いずれにせよ、口輪は他人や他の犬に危険が及ばないように「一時的」に用いるものです。
言葉を話すことのできない犬にとって、「噛むこと」や「吠えること」は自然な感情表現のひとつ。
口輪でそれを押さえつけてしまうのではなく、「なぜ噛むのか」「なぜ吠えるのか」をきちんと理解して、正しいしつけを行うことが大切なのです。
正しい口輪の使用方法
このように、一時的な処置として用いるのが口輪の正しい使用方法です。
そして正しく使うのであれば、他人や他犬のためだけでなく、たとえばトリミングの際に暴れて怪我を負うようなアクシデントから愛犬を守ることもできます。

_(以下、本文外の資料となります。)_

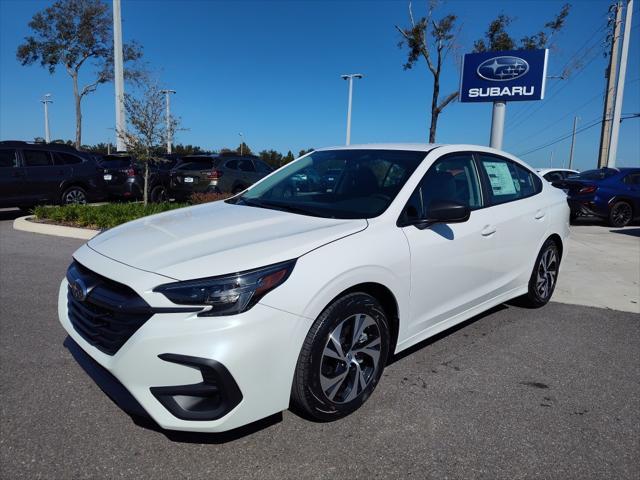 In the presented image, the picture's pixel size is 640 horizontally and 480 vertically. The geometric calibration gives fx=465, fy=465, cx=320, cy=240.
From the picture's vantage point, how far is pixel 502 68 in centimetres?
1307

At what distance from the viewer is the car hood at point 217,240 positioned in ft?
7.55

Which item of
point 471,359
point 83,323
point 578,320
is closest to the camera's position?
point 83,323

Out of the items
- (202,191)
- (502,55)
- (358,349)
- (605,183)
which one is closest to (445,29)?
(502,55)

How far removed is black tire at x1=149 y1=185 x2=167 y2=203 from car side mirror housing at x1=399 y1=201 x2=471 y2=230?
11639 millimetres

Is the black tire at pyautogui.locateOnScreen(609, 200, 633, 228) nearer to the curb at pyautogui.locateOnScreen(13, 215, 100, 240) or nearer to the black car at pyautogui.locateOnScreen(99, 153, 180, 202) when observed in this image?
the black car at pyautogui.locateOnScreen(99, 153, 180, 202)

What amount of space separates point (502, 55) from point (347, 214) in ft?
40.3

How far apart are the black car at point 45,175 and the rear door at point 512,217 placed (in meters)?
11.0

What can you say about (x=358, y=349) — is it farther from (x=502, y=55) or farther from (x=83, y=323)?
(x=502, y=55)

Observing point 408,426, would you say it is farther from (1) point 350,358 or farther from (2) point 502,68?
(2) point 502,68

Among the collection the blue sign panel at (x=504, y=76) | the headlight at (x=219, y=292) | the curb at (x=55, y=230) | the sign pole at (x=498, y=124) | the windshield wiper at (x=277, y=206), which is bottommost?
the curb at (x=55, y=230)

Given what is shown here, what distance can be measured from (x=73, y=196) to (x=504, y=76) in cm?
1213

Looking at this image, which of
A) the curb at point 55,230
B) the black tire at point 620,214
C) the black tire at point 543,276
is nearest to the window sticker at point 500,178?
the black tire at point 543,276

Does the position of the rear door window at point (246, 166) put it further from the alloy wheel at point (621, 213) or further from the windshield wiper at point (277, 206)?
the windshield wiper at point (277, 206)

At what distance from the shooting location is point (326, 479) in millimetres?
2248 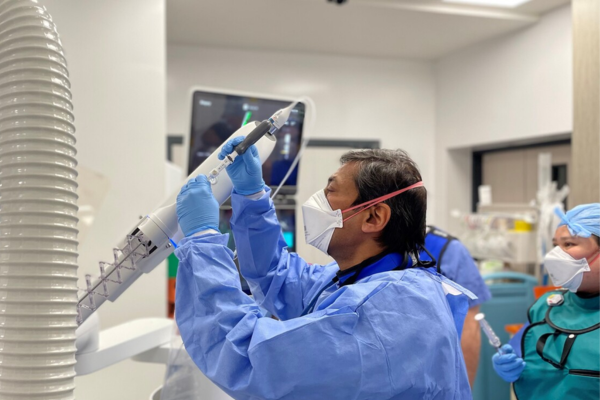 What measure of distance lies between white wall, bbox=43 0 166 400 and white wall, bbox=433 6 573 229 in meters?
2.54

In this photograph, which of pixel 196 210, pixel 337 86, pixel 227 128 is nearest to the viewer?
pixel 196 210

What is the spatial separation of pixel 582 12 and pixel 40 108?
2.30 m

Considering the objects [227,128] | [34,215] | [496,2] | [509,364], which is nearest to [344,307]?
[34,215]

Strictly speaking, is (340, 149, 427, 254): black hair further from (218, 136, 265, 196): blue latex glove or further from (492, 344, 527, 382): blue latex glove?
(492, 344, 527, 382): blue latex glove

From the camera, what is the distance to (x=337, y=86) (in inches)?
185

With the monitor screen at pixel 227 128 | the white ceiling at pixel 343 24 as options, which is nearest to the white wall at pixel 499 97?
the white ceiling at pixel 343 24

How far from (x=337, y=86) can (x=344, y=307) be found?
394 cm

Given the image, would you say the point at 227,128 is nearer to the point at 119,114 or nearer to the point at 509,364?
the point at 119,114

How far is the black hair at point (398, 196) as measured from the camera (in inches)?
46.4

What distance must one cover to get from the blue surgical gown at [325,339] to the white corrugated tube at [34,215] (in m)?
0.21

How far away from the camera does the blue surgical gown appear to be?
0.90 meters

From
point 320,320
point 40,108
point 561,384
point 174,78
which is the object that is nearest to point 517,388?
point 561,384

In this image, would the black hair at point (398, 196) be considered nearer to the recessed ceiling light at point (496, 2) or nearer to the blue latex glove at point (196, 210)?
the blue latex glove at point (196, 210)

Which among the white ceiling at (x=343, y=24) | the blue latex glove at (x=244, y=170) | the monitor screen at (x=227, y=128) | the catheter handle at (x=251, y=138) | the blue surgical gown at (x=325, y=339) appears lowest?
the blue surgical gown at (x=325, y=339) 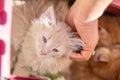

とはいえ、犬にとって口輪をはめることは強い抵抗感をともなうもの。
いざという時に正しく口輪を使用することができるように日頃から口輪のにおいをかがせておいたり、口輪の中におやつを入れて食べさせる、といった方法で口輪に慣らしておいてあげましょう。
何よりも大事なのは、飼い犬と信頼関係を築くことです。
飼い主さんが犬のことを真剣に考え、周囲への配慮を怠らないことで犬も人間も快適に暮らすことができます。
そのためにも口輪を不用意に用いることは避け、本当に必要な時にだけ、正しく使うように心がけたいですね。